Una delle chiavi per contrastare la crisi alimentare è certamente l’innovazione. Come ha ricordato QU Dongyu, il direttore generale della FAO, durante il G20 dell’agricoltura a Bali l’agricoltura digitale può migliorare i mezzi di sussistenza degli agricoltori e promuovere l’imprenditoria agricola innovativa.
Su questo tema, in occasione del convegno ‘Sicurezza alimentare e sostenibilità della filiera agrifood: a che punto siamo’, si è mosso anche l’Osservatorio Food Sustainability della School of Management del Politecnico di Milano. Secondo una ricerca di 7337 start up agrifood il 34% persegue almeno uno degli obiettivi di sviluppo sostenibile previsti dalle Nazioni Unite nell’Agenda 2030.
Il 30% delle soluzioni sviluppate da queste start up mira a ottimizzare il consumo di risorse, mentre il 21% promuove la tutela degli ecosistemi terrestri e di acqua dolce. Alcune di queste, il 17%, incentivano l’adozione di stili di vita e pratiche sostenibili e puntano ad aumentare la produttività e la capacità di resilienza dei raccolti ai cambiamenti climatica. In misura minore si punta a tutelare i piccoli produttori (12%) e a ridurre le eccedenze e gli sprechi (11%).

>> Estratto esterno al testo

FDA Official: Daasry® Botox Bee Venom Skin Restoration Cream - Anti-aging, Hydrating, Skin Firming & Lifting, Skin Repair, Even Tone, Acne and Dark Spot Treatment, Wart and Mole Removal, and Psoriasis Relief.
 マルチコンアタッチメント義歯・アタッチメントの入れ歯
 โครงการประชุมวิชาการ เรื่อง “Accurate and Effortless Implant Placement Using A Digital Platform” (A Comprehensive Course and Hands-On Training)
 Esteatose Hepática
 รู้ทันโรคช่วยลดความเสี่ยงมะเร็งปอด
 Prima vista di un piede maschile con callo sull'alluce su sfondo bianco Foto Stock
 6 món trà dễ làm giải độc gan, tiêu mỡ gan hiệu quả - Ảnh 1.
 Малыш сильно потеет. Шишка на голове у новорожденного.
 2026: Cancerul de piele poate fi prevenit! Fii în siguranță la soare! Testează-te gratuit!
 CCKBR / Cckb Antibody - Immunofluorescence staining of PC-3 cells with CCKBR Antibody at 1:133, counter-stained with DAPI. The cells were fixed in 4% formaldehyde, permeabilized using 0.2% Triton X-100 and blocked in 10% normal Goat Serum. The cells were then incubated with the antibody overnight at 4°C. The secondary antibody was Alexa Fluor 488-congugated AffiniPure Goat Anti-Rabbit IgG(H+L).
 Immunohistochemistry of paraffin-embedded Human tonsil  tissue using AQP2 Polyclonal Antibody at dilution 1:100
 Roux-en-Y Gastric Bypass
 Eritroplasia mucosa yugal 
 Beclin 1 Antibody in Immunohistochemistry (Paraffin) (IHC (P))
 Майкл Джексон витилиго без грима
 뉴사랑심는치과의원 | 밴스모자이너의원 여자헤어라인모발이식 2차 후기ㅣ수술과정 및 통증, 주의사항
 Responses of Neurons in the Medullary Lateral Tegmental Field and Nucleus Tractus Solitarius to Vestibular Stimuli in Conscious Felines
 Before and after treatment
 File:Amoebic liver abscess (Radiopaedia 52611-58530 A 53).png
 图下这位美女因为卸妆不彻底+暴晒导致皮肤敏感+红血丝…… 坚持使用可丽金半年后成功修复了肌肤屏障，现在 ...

Queste start up agrifood sostenibili sono più concentrate in Norvegia dove ne troviamo il 60% sulle 25 start up agrifood, seguita da Israele con il 58% di start up sostenibili su 119. L’Italia si trova al 23esimo posto con il 35% di start up agrifood sostenibili su un totale di 85.
Dal 2017 al 2021 sono stati erogati un totale di 6,4 miliardi di dollari, con una media di 7,3 milioni di dollari per azienda. In Italia il finanziamento complessivo è pari a 16 milioni di dollari, 1,6 milioni di dollari per start up.